A senior EU official has warned that additional debt relief for Greece will require a new agreement with the creditors.
In an interview published by Kathimerini on Sunday, Thomas Wieser , outgoing president of the Eurogroup Working Group (EWG) said that although the discussion on the relationship between Greece and the creditors after the end of the program in August 2018 is ongoing, much will depend on a possible debt relief agreement.
“If there is a further debt relief after the end of the program, then it is sensible to reach a further agreement,” he is quoted as saying.
Wieser is also reluctant to endorse the Greek government’s pledge of a clean exit to the markets as of August 2018.
He notes that other countries that have signed bailout agreements have a different relationship with the partners.

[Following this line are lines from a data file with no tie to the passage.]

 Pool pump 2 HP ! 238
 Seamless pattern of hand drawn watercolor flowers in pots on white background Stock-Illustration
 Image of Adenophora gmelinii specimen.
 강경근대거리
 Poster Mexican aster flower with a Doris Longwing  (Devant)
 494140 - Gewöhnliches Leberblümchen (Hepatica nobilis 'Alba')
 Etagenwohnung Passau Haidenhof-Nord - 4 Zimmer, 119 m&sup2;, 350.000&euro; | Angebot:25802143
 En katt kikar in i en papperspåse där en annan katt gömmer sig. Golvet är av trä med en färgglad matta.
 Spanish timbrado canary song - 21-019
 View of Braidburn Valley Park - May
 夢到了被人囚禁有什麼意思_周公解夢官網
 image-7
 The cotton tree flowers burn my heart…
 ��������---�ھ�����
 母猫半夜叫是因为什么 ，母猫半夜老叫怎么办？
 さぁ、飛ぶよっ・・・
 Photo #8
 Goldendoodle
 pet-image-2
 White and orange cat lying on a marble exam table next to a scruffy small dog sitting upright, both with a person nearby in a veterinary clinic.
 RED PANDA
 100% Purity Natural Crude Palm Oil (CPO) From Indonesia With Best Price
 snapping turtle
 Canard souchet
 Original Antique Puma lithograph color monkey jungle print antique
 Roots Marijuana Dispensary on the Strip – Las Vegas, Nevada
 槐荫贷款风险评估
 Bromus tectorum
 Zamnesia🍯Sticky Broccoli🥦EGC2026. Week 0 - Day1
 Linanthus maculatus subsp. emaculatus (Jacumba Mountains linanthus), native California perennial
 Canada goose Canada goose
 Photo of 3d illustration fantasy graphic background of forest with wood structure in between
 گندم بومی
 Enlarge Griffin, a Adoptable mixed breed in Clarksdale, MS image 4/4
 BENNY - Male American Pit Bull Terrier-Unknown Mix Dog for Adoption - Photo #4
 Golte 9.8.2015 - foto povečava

According to EU rules already applicable to Ireland, Spain, Portugal and Cyprus and soon to be applied in Greece, enhanced supervision by the Eurozone authorities is required until 75% of the loans are repaid.
Analysts point out that, according to current projections, in the case of Greece an enhanced supervision will be in place until 2060.
In the same interview, Wieser says that the economic recovery of Greece was hindered by lack of foreign investment.
“I think it’s only very recently that international and national investors trust that Greece is finally approaching the time where it can stand on its own feet again financially and that it is not a huge risk to invest in its economy,” he was quoted as saying.
He claimed that a major barrier for foreign investment was the justice system which is extremely slow.